The Agriculture, Fisheries and Conservation Department announced that the carcass of the whale that was found in Hong Kong waters last week will be buried near High Island Reservoir West Dam in Sai Kung on August 7.

The department added that the necropsy of the carcass is complete, but that the tissue samples are still being analysed. The whale’s remains will be sent to Ocean Park after natural decay for research.

A whale was found floating motionlessly in the waters near Port Shelter off the coast of Sai Kung on the morning of July 31. Video footage emerged of the lifeless mammal near the surface of the water near a boat, with what appeared to be its internal organs spilling outside its body.

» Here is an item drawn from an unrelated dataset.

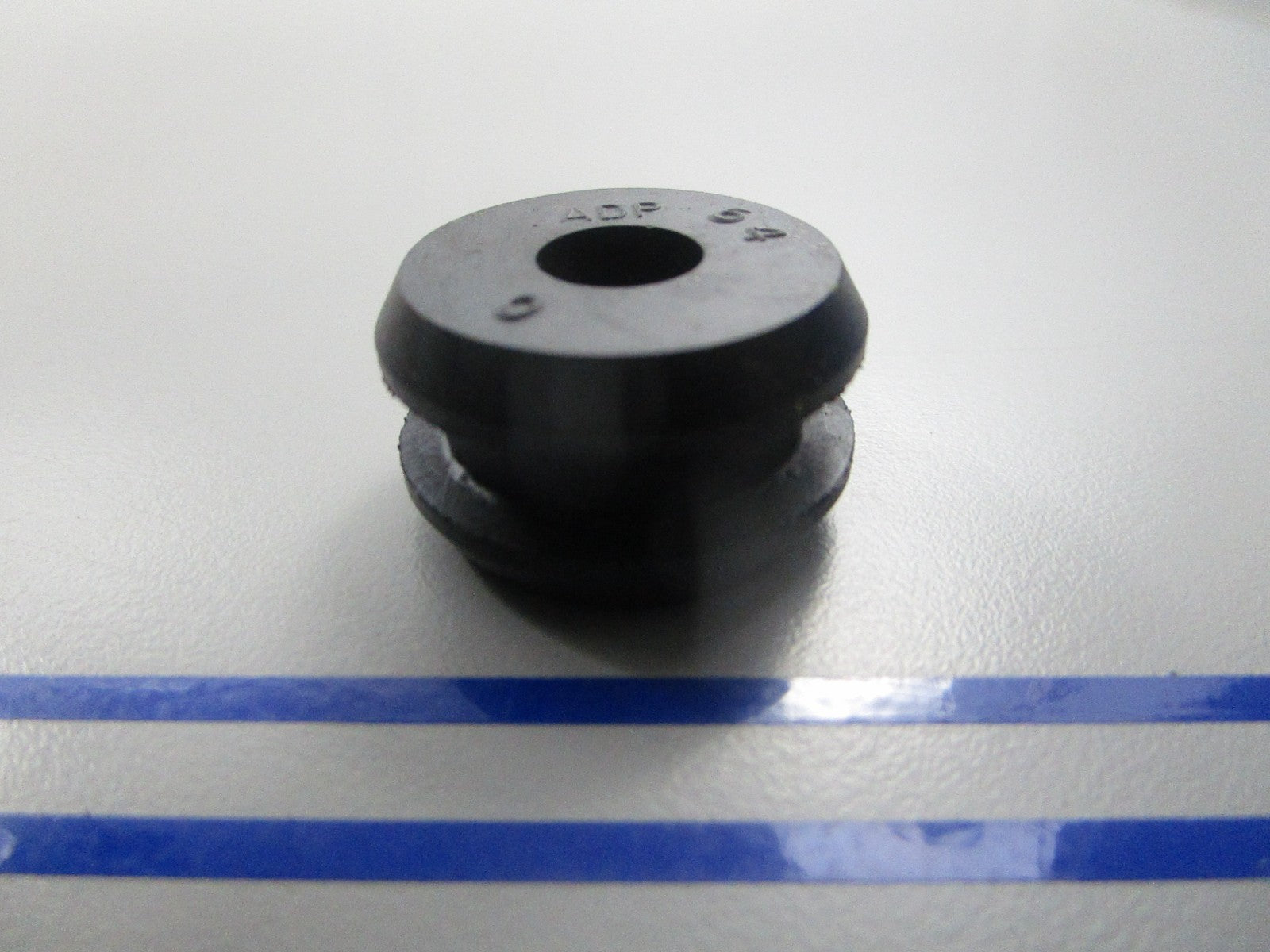 NEW OEM 316354 0316354 OMC Johnson Evinrude Grommet 0810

The body of what is thought to be a Bryde’s whale floating in Hong Kong waters

It was salvaged later that day and marine experts began conducting a necropsy on it to confirm the mammal’s species and pinpoint the cause of its death.

Earlier, marine experts urged the public not to distress the whale by chasing it on boats or getting too close to it. This request came after photographs appeared online showing propeller marks on the whale’s back.

The seven-metre-long whale — thought to be a Bryde’s Whale — was first spotted feeding near Millionaire’s Beach off the coast of Sai Kung in mid-July. Since then, several videos emerged of the whale coming to the surface of the water, opening its mouth to feed, and then returning underwater.

Bryde’s whales are tropical mammals and, while they do not usually frequent Hong Kong waters, it is not unusual to see them in the region. The last time a Bryde’s whale was spotted in the vicinity of the territory was in 2021, when one was sighted in the waters of Dapeng New District and Yantian District in between late-July and August of that year.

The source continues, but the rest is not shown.